EXTRACTED INFORMATION below:

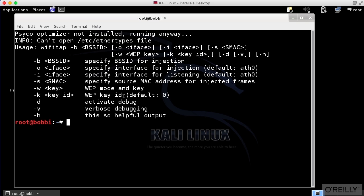So what we're doing is we are using the same concept here in order to inject frames into a wireless network. And we can use WiFi Tap for that. So let me use WiFi Tap here, and I'm going to say my BSSID. This is going to be the BSSID of the wireless access point that you are going to be injecting.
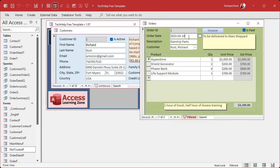So if the user tries to enter two orders with the same date, it'll warn them and say you can't do that. It's just one example, but there are lots of different businesses with lots of different weird rules, and if you've got a rule like that, you'll see how this is beneficial.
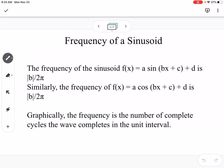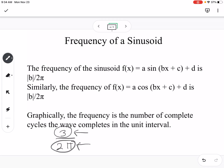The frequency is b over 2 pi for both sine and cosine. Graphically, the frequency is the number of complete cycles a wave completes in the unit interval. Frequency is the reciprocal of the period. For example, a frequency of 3 over 2 pi means the graph completes three full cycles in an interval of 2 pi, which is our standard interval since 2 pi is all the way around the unit circle.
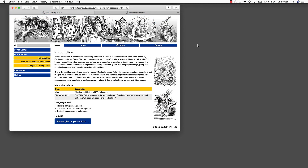We have talked a lot about standards and what they offer us. But what does this mean practically? How does a non-accessible web page differ from an accessible web page? This can be best explained with a little demonstration. We have loaded two different versions of a fictional web page. Can you tell which version is accessible and which one is not? This is one very important message we learn here: accessibility is not always visible. This makes it very difficult for people to understand the concepts of accessibility.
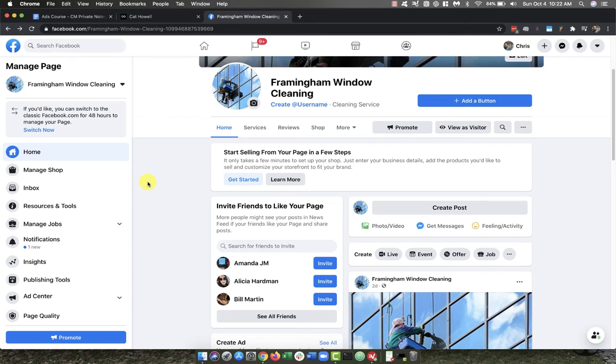In this video, I want to show you how you can add another Facebook user to your business page. You might want to do this for a number of reasons—perhaps you want to add an admin.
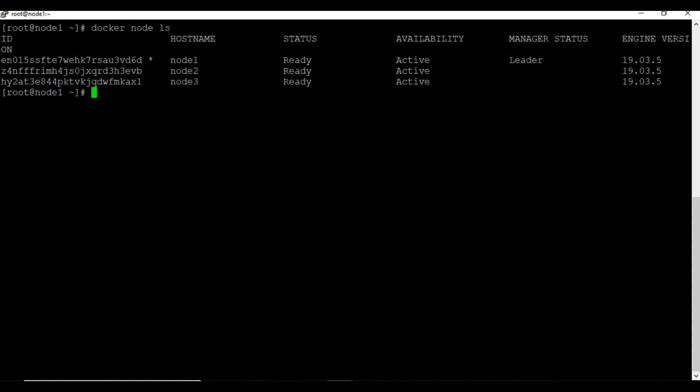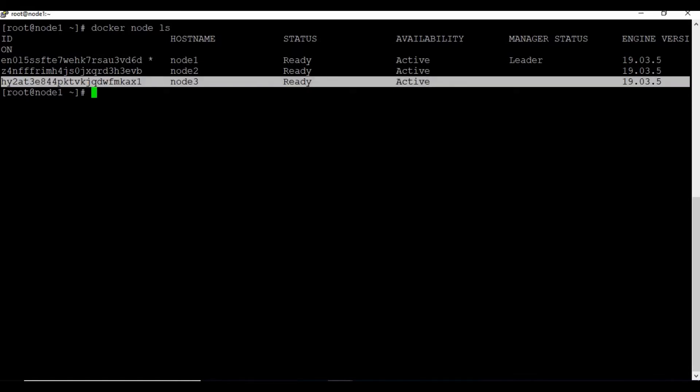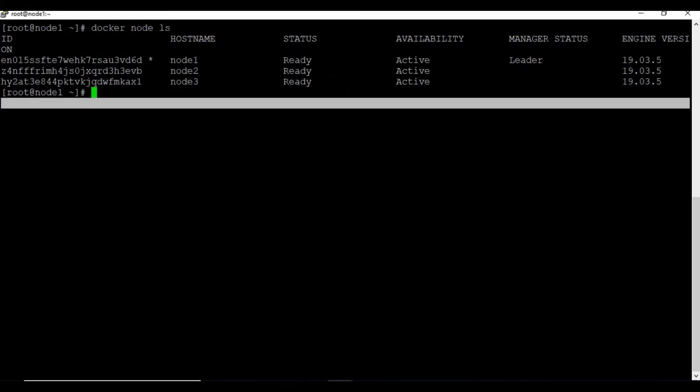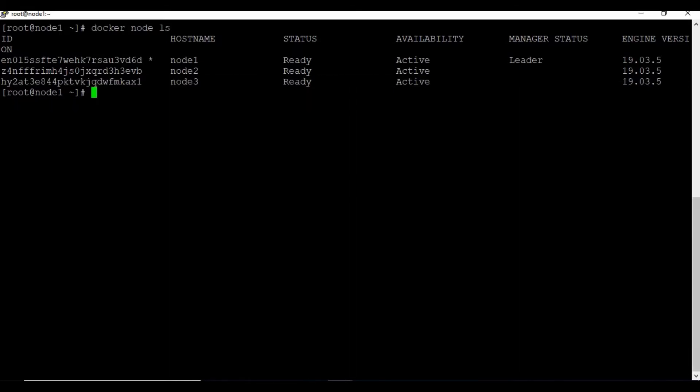As you can see, we are having three nodes in the Docker Swarm. All their status is ready and availability is active. Node 1 acts as leader, and Node 2 and Node 3 act as workers.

End of EXTRACTED INFORMATION.

TASK
In the copy, include every entry above exactly and leave out each picture.

OUTPUT FOR THIS EXERCISE
So what we're doing is we are using the same concept here in order to inject frames into a wireless network. And we can use WiFi Tap for that. So let me use WiFi Tap here, and I'm going to say my BSSID. This is going to be the BSSID of the wireless access point that you are going to be injecting.
So if the user tries to enter two orders with the same date, it'll warn them and say you can't do that. It's just one example, but there are lots of different businesses with lots of different weird rules, and if you've got a rule like that, you'll see how this is beneficial.
The frequency is b over 2 pi for both sine and cosine. Graphically, the frequency is the number of complete cycles a wave completes in the unit interval. Frequency is the reciprocal of the period. For example, a frequency of 3 over 2 pi means the graph completes three full cycles in an interval of 2 pi, which is our standard interval since 2 pi is all the way around the unit circle.
We have talked a lot about standards and what they offer us. But what does this mean practically? How does a non-accessible web page differ from an accessible web page? This can be best explained with a little demonstration. We have loaded two different versions of a fictional web page. Can you tell which version is accessible and which one is not? This is one very important message we learn here: accessibility is not always visible. This makes it very difficult for people to understand the concepts of accessibility.
In this video, I want to show you how you can add another Facebook user to your business page. You might want to do this for a number of reasons—perhaps you want to add an admin.
As you can see, we are having three nodes in the Docker Swarm. All their status is ready and availability is active. Node 1 acts as leader, and Node 2 and Node 3 act as workers.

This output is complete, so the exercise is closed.